In the work that I admire most, in Alice Munro, for example, we always know what the characters are feeling at any given moment. She is very clear about the internal landscape of her characters. What’s interesting about that is that there’s always another layer of the emotion. In Munro, emotion is always complicated and subverted. She asks us to look closer and closer and still closer, to not be satisfied with the pat emotional response to an event.
I think what I admire in the work that I love and that moves me is that there are these deeper layers, and that’s I think what makes the characters feel so complex and so living. That’s what I want to do with my work. So, I try to write my way deeper and deeper and deeper.
Does that factor into the revision process for you, as well? Finding these emotions?
Absolutely, yes. Where can I go deeper? Where can I complicate the emotion and be more honest about it?
You mentioned that you tend to write long drafts. When you’re initially writing, is it an unselfconscious process, just putting everything on the page without revising?
No, it’s not that at all. It takes me a long time to get to a first draft because I go over everything so many times, and I creep forward. It’s not the most efficient way to write. People say, “You’ve just got to write that shitty first draft.” I’ve tried it, and it doesn’t work for me, because if the writing is too shitty and if the story is too surface-y, then I’m not engaged enough to keep going. Now I accept that I have the process I have, and that’s what I have to work with. I stay interested in my characters by revising as I go, and getting to know them deeply as I go. Only through getting to know them can I actually listen to them, to see how the story really ends.
In terms of characters, we were talking earlier about how the first and the last story are in conversation with each other in a certain way, through the first-person narrators and setting. Are there any other stories in the collection that you saw as speaking to each other?
Not in the same way as in “Nemecia” and “The Manzanos.” There are themes that come up again and again. Clearly, I have this preoccupation with family. Clearly, I have this preoccupation with violence and the legacy of violence and ambition.
Just hearing you speak now about the legacy of violence, I wonder how you think about the depiction of violence. It seems like fraught narrative territory, and in some of these stories, the violence is filtered through family myth. What are you thinking about when you’re introducing these violent scenes or legacies?
I don’t know that I am thinking, exactly. The histories emerge in the story as I get to know the characters. I am interested in the way that sometimes these violent histories aren’t spoken about. Sometimes the legacy is silence. And yet not speaking about something doesn’t make it go away.

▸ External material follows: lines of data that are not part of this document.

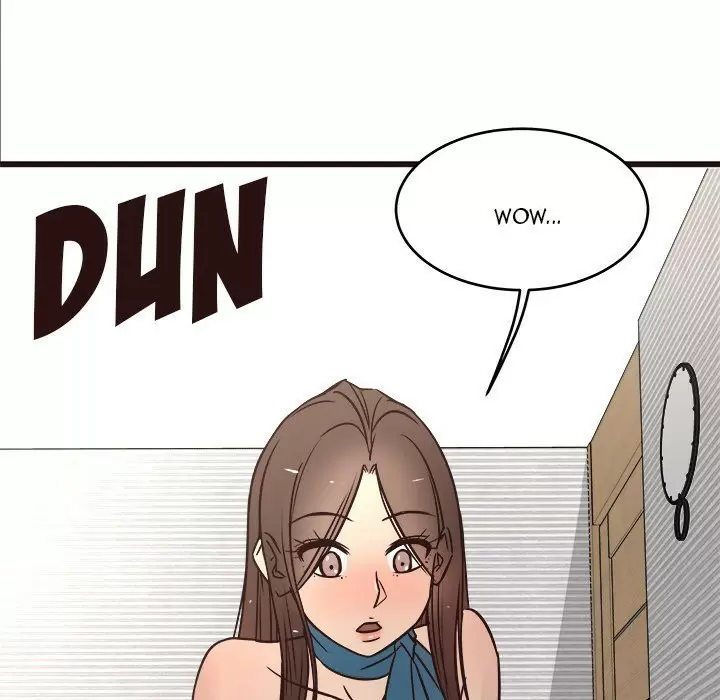 Stupid Love Capítulo 16 - Page 90
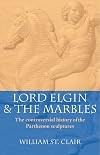 Lord Elgin and the Marbles
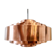 Pendant Jo Hammerborg Ultra - produced by Fog Mørup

New Mexico has a long violent history of conquest— economic conquest and military conquest— and that violence exerts a pressure today, in families, in communities. The disparity between rich and poor in that region is a kind of violence and a source of violence, and it has a long history.
You wrote these stories over a period of ten years. After putting together this first collection, what did you learn that you’ve used in writing your next project, a novel?
I have complete faith that work can get better, that revision makes work better. I remember being an undergraduate and being really afraid to revise, thinking, “I’m going to lose what’s good.” That’s not a fear I have now. Work gets better with revision.
I’ve learned to have faith in my characters. They will show me where the story needs to go.